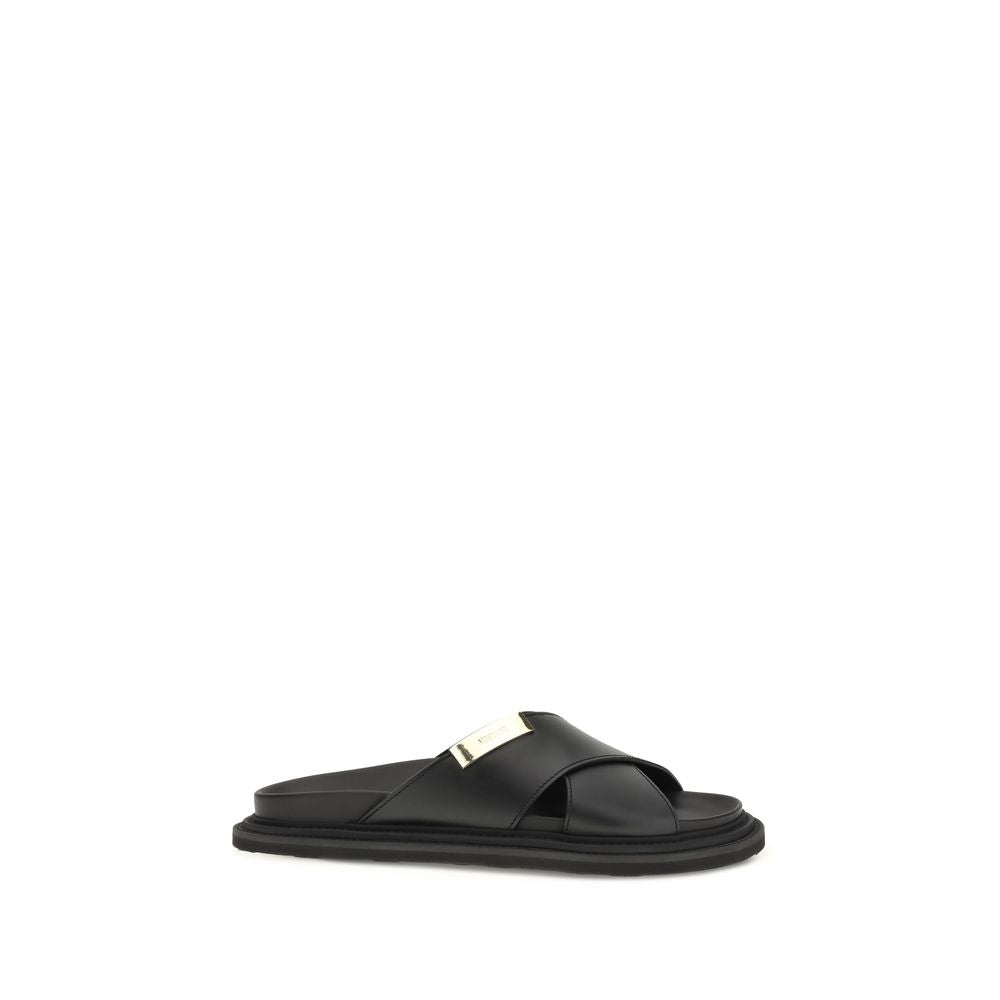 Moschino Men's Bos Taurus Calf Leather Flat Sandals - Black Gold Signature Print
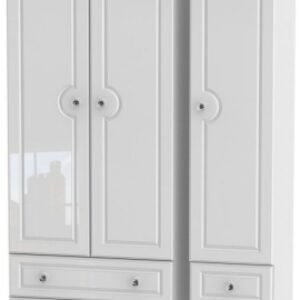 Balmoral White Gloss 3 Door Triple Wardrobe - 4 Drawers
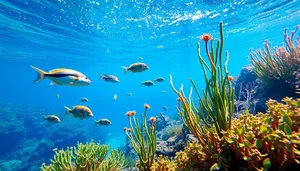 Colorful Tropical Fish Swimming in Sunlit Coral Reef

----------

TASK DIRECTIONS:
Leaving the pictures aside, repeat the data above exactly.

YOUR RESPONSE:
 Moschino Men's Bos Taurus Calf Leather Flat Sandals - Black Gold Signature Print
 Balmoral White Gloss 3 Door Triple Wardrobe - 4 Drawers
 Colorful Tropical Fish Swimming in Sunlit Coral Reef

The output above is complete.